It doesn’t help that I’m afraid of the women in the Auvers bakery. I pretty much buy my bread, catch a quick glance of the desserts out of the corner of my eye and get out of there. No hemming and hawing trying to decide between the cannonball sized snowball rolled in shaved dark chocolate, the tried and true fruit tart with plump perfect raspberries, the white creamy looking cakes with imbedded strawberries…nope, she’s giving me a dirty look…she’s gonna yell at me…’un bagette s’il vous plait…une Ooops, desolee, UNE bagette, s’il vous plait.’ I always wind up skulking out in shame.

The pastries here at Dalloyau look like jewels glimmering behind the glass. I get lost in them until reflexively, like a guilty dog, I look up at the woman behind the counter to see if she’s giving me a dirty look or about to smack me with a newspaper. She’s not. She’s smiling at me. I take this as a sign that fate brought me here for a bigger purpose than whatever my initial game plan was.

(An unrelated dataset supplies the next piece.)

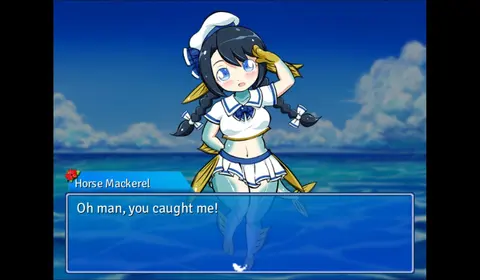 Legend of the Master Baiter screenshot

I should make it my business to try every pastry out there and write a thorough review. Sort of a verbal painting depicting the beauty of each pastry. I’ll be the like the Van Gogh of French Pastry description. If I try one pastry a day, I think I can still get every possible pastry in. There couldn’t be more than 90 french pastry varieties out there, could there?. I suppose if there are more, I’ll have to double up.

I know, it seems like an indulgence. A pastry a day can really add up. But it’s cheaper than lipgloss or a pack of cigarettes, both of which I’ve given up. And my efforts will serve mankind as a guide to what sort of pastries they may like and dislike. Yes, I’ll do it in the name of helping my fellow man navigate the intricate world of French pastry. And for art. Now that’s a lasting legacy.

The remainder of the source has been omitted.